Mancilla’s work at Harvard means that he shares a key experience with Valdez and Avila Chevalier as well as thousands of a new generation of UAW members. Both women joined the UAW as members of locals tied to nonmanufacturing work. Valdez was a rank-and-file organizer at Columbia University with UAW Local 2110, which represents technical, office, and professional workers. Avila Chevalier was a member of UAW Local 2325 (Association of Legal Aid Attorneys), where Mancilla also worked as local staff organizer, though the two did not overlap.

In 2016, the UAW won a landmark case before the NLRB that “graduate assistants, and other student teaching and research assistants, were employees with a right to unionize.” The decision set off a series of unionization drives across the country which brought in thousands of workers at higher education institutions. Just seven years after the ruling, National Public Radio estimated that those workers accounted for almost one in four UAW members.

These changes have been especially important for Mancilla’s Region 9A, which covers eastern New York, Connecticut, New England, and Puerto Rico. The 2016 case itself stemmed from organizing the UAW had been doing at Columbia University in New York City. The increased presence of UAW organizers on campuses has also placed the union within conversations about academic freedom and free speech protections, especially following the sustained crackdowns against pro-Palestine protesters.

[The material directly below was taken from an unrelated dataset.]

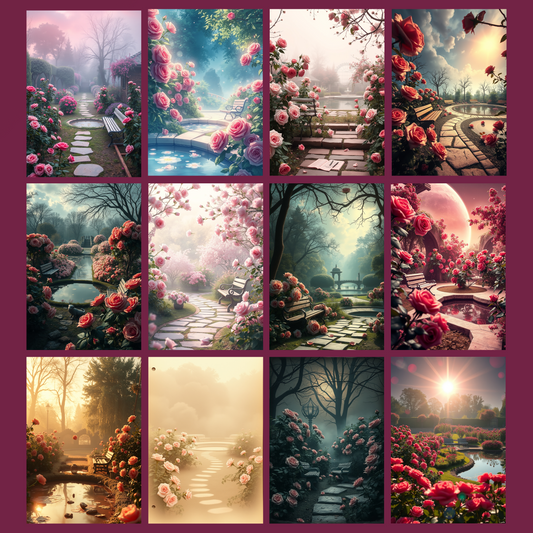 Rose Garden | Digital Download | 100 Bilder | Scrapbook | DIN A4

In 2024, thousands of UAW-affiliated workers in the University of California system went on strike over how administrators had reacted to pro-Palestine protests. In March 2025, Columbia University expelled, and by extension fired, Grant Miner, president of the UAW local representing the university’s student workers, over his actions during the 2024 student encampment and occupation. And at the national level, there are allegations that the federal monitor, instituted to enforce a 2021 consent decree between the UAW and the government and oversee anti-corruption efforts in the union, has unduly used its powers to retaliate against union President Shawn Fain due to the latter’s stance on Palestine.

The union’s pro-Palestine stance has also been reflected in 9A’s political endorsements. At the congressional level, opposition to Israel’s genocide in Gaza played a major role in the campaigns of Lander, Valdez, and Avila Chevalier. In their state legislative endorsements, UAW 9A also supported Aber Kawas in her successful state senate bid. Kawas helped write the “Not on Our Dime” Act introduced by Mamdani during his time in the New York State Assembly, which aims to prevent New York–based charities from financially supporting groups involved in Israeli war crimes.

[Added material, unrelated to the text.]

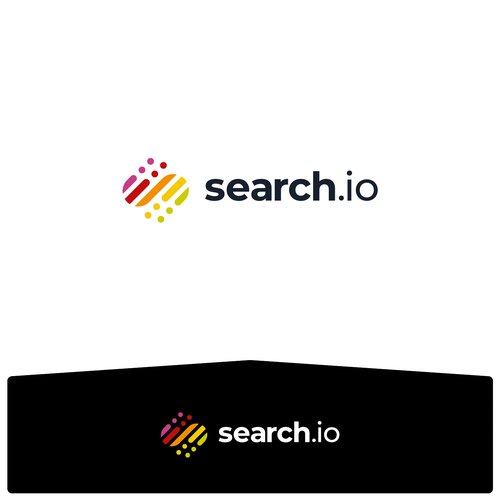 Logo for modern AI search engine Diseño de wenk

“As a union, we’ve got to keep acting in solidarity with not just Palestine, but any group of people that’s been oppressed, no matter how much money and power is trying to tell us to not do that anymore,” Mancilla says.

With the primaries behind them, UAW 9A is looking at what might come next. In the short term, they’re focused on winning a contract for the roughly nine hundred workers at the Metropolitan Museum of Art, Mancilla says. Past that, the union is preparing for May Day 2028 — the day when several of UAW contracts are set to expire, including those with the “Big Three” auto makers. President Fain has urged other unions to set the date for their own contract expirations and hopes to rally enough unions to credibly threaten a general strike.

2028 is also, obviously, a presidential election year — though Mancilla made clear that it’s too early for the union to be considering who to endorse. However, he says, “We have made it clear what our priorities are and what the different candidates have to be serious about in order to earn our endorsement in 2028.”